A four year drought in the Sierra Nevada mountains have been pure torture for California's splitboard community. This year's El Nino cycle has brought welcome rest-bite with a good snowpack and excellent touring conditions. Amplid homies Buell Steelman and Henning Schwalbe have been making most of the conditions and logging plenty of tours on their Amplid splits. Both converts to Amplid's lightweight carbon boards the touring partners have been accessing some terrain deep in the backcountry with relative ease. The "Three Drops" tour, a short day tour in the backcountry near Mammoth Lakes resort, named because of the three stage nature of the terrain, was the location of their last adventure. Here's a quick recount of teh tour and some photos from Buell:
"Henning came to town and had a pretty specific tour in mind that I call the “three drops tour”. It started with this line through the cliff and we proceeded to ride through the trees below the chute and down through the forest below. The snow was super fun, which was nice because just a few days before this tour we had 100 mph winds on the ridges and a lot of our chutes had very firm wind board and no powder.
We then skinned up and over Red Cone, the slope on the left side of the first photo below, and dropped the east face down to Crystal Lake. Once at the top of Red Cone, we dropped the backside (east side) down to Crystal Lake, riding sun softened winter snow.

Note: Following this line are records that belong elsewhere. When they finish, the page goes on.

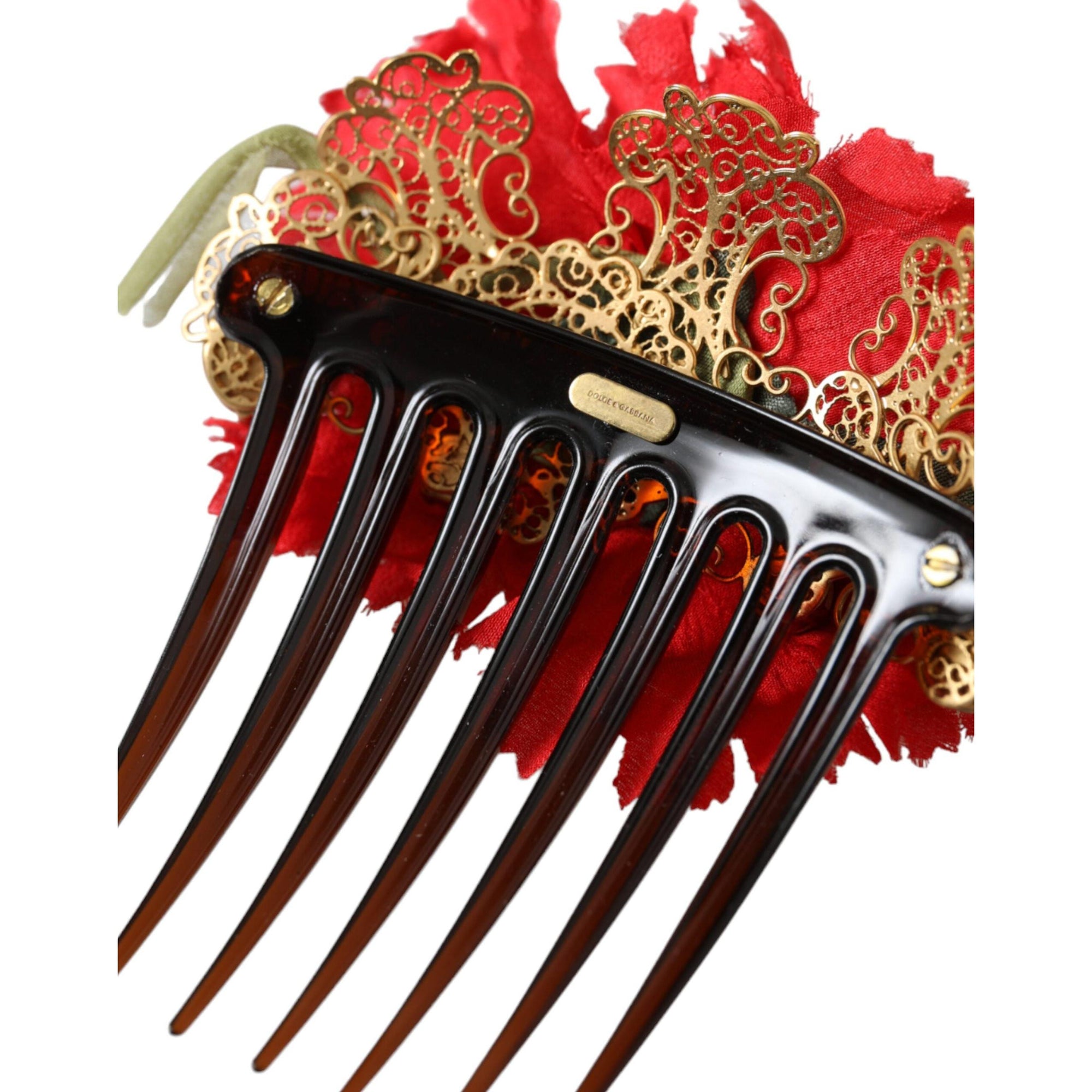 Dolce &amp; Gabbana Red Silk Floral Gold Brass Women Hair Comb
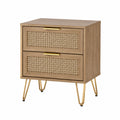 Nachttisch mit zwei Schubladen aus MDF und Rattan, Hellbraun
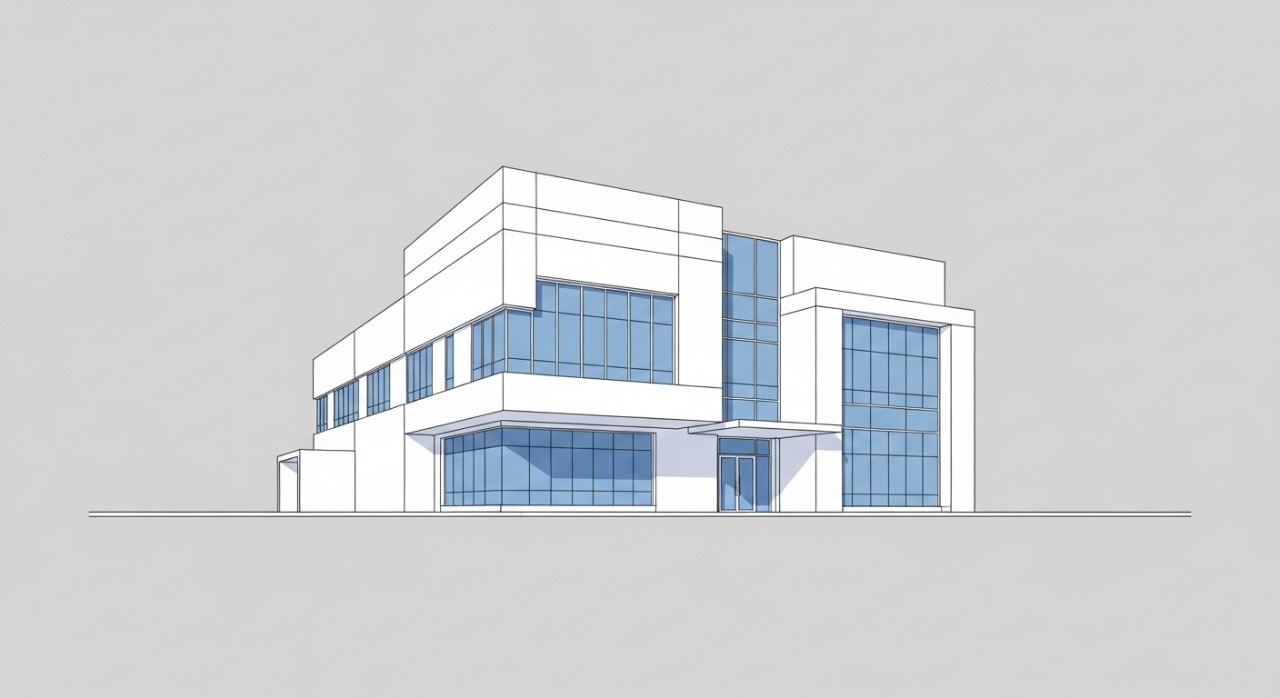 Ilustrasi fasad bangunan moden Pusat Dialisis NKF di kawasan Georgetown.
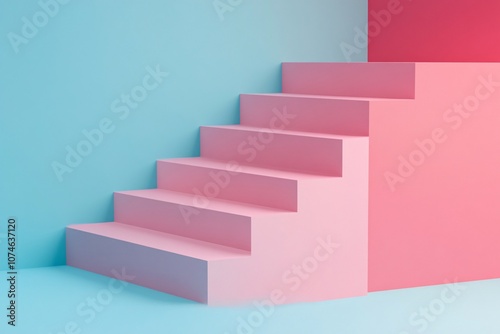 Pink Stairs Against a Blue Wall: Minimalist Abstract Art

When we got down to Crystal Lake, we skinned up to the bottom of Crystal Crag and dropped the snow slope below it down to Lake George. It was wind-pack at the top, then great powder down the main pitch.We were grinning ear to ear riding powder on the main 40 degree slope, it turned back to firm wind-pack. I was third and they were laughing their asses off when I hit the wind-pack at high speed because they had done the same thing. It took a bit of work to get things under control. We had been planning to ride the prominent snow field, cliff band line in the center of this photo, but it was not quite filled in enough to get through the cliffs."